[R, preparation, raw data, text, cleaning, wrangling, NLP, preprocessing, tm, text analysis, corpus, stemming, lemmatization, document matrix, tokenization]


Overview

In this building block, you will learn the essential steps of text pre-processing in R. You will use the ‘tm’ package and create a corpus, the main structure for managing text documents, to then conduct a range of text preprocessing tasks. These steps will allow you to transform raw text into a more structured and suitable form for analysis. Finally, you will explore the process of visualizing and analyzing text data using term-document matrices and word clouds.

Introduction

Text mining is all about deriving insights from unstructured text data such as social media posts, consumer reviews, and newspaper articles.

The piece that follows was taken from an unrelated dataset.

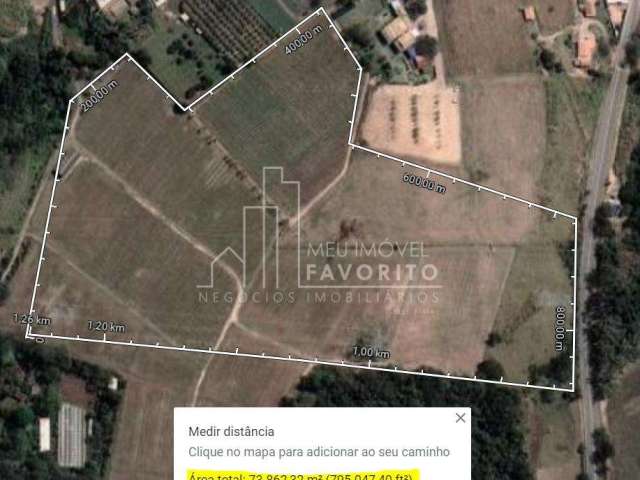 Imóvel Rural à Venda em Jundiaí SP - 72.000m  - Traviú - R 4.330.000,00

The ultimate goal is to turn a large collection of texts, a corpus, into insights that reveal important and interesting patterns in the data. This could include either computing the sentiment of a text or inferring the topic of a text among other common tasks.

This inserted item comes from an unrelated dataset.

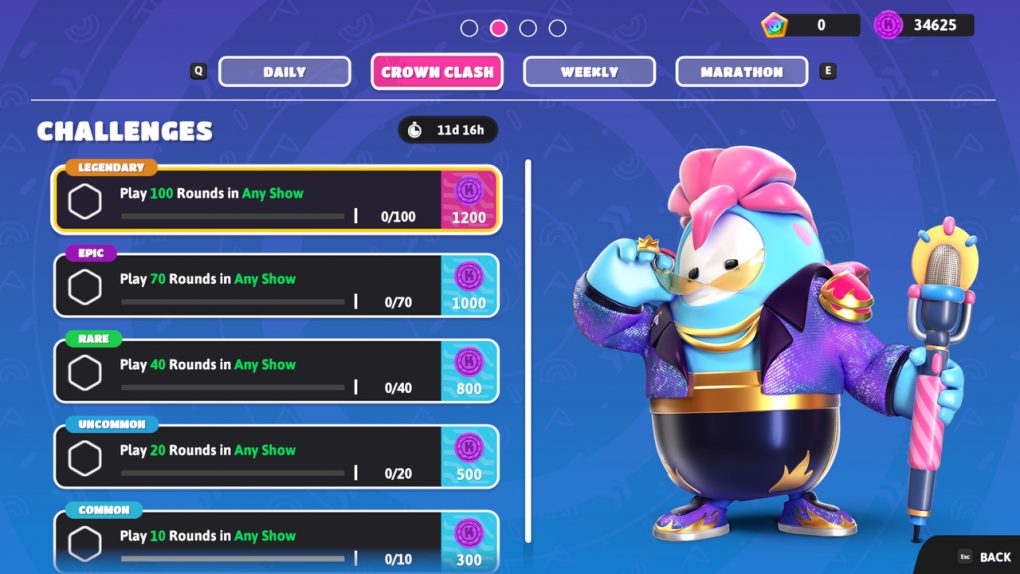 Fall Guys Crown Clash Event How to Earn Free Rewards in Fortnite and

Before we can move into the analysis of text, the unstructured nature of the data means there is a need to pre-process the raw text to transform it to provide some additional structure and clean the text to make it more amenable for further analysis. To illustrate some common pre-processing steps we will take some data on Amazon reviews and use the tm package in R to clean up the review texts.

In the GitHub repository linked below you can find the full R script text_cleaning.R which is used as a reference during this building block. We will cover the most relevant code snippets within it. However, we strongly recommend that you review the full script and keep it on hand while following the building block so you can replicate the presented results and get a comprehensive picture of the content.


Steps for pre-processing text data

Install tm package

install.packages("tm")
library(tm)

Step 1: Create Corpus

The tm package uses a so-called corpus as the main structure for managing text documents. A corpus is a collection of documents and is classified into two types based on how the corpus is stored:

  • Volatile corpus (VCorpus) - a temporary R object. This is the default implementation when creating a corpus.
  • Permanent corpus (PCorpus) - a permanent object that can be stored outside of R (e.g., in a database)

Next, to create the corpus you need to identify the source type of the object. Sources abstract input locations, like a directory, a connection, or simply an R  vector, to acquire content uniformly.

Types of sources available to create corpus

  • DataframeSource - for data frame structures like CSV files
  • DirSource - for file directories
  • VectorSource - for a vector of characters interpreting each component as a document

These three are the most widely used source types.

Now, let’s create our corpus!

review_corpus<- VCorpus(DataframeSource(kindle_reviews))
# the review text is stored under dataframe 'kindle_reviews'

Tip

A data frame source interprets each row of the data frame x as a document. The first column must be named “doc_id” and contain a unique string identifier for each document. The second column must be named “text” and contain a UTF-8 encoded string representing the document’s content. Optional additional columns are used as document-level metadata.

Step 2: Cleaning Raw Data

The tm package has several built-in transformation functions that enable pre-processing without too much code!

This procedure might include (depending on the data) :

  • The removal of extra spaces
  • Lowering case
  • The removal of special characters
  • The removal of URLs and HTML tags
  • The removal of stopwords

Lowering case

Lowering case is helpful to reduce the dimensions by decreasing the size of the vocabulary and is weighed similarly when counting the frequency of words.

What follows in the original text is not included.